- **Data records**
■ ■ ■ ■ ■ ■ ■

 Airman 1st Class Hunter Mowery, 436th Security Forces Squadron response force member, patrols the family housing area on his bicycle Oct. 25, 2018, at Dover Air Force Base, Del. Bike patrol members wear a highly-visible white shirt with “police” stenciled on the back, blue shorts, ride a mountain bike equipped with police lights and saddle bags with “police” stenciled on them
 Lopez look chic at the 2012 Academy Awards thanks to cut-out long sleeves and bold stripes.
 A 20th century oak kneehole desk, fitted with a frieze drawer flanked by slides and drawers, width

■ ■ ■ ■ ■ ■ ■

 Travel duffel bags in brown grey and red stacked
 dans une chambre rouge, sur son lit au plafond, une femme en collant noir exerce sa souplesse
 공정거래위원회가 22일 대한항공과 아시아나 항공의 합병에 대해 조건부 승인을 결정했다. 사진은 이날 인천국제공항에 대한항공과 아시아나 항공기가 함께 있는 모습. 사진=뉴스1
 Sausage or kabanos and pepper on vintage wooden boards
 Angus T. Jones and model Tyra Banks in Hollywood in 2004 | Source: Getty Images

■ ■ ■ ■ ■ ■ ■

The answer is the lines above between the line holding "Travel duffel bags" and the line holding "Angus T. Jones", inclusive, each written out exactly, and no others.

 Travel duffel bags in brown grey and red stacked
 dans une chambre rouge, sur son lit au plafond, une femme en collant noir exerce sa souplesse
 공정거래위원회가 22일 대한항공과 아시아나 항공의 합병에 대해 조건부 승인을 결정했다. 사진은 이날 인천국제공항에 대한항공과 아시아나 항공기가 함께 있는 모습. 사진=뉴스1
 Sausage or kabanos and pepper on vintage wooden boards
 Angus T. Jones and model Tyra Banks in Hollywood in 2004 | Source: Getty Images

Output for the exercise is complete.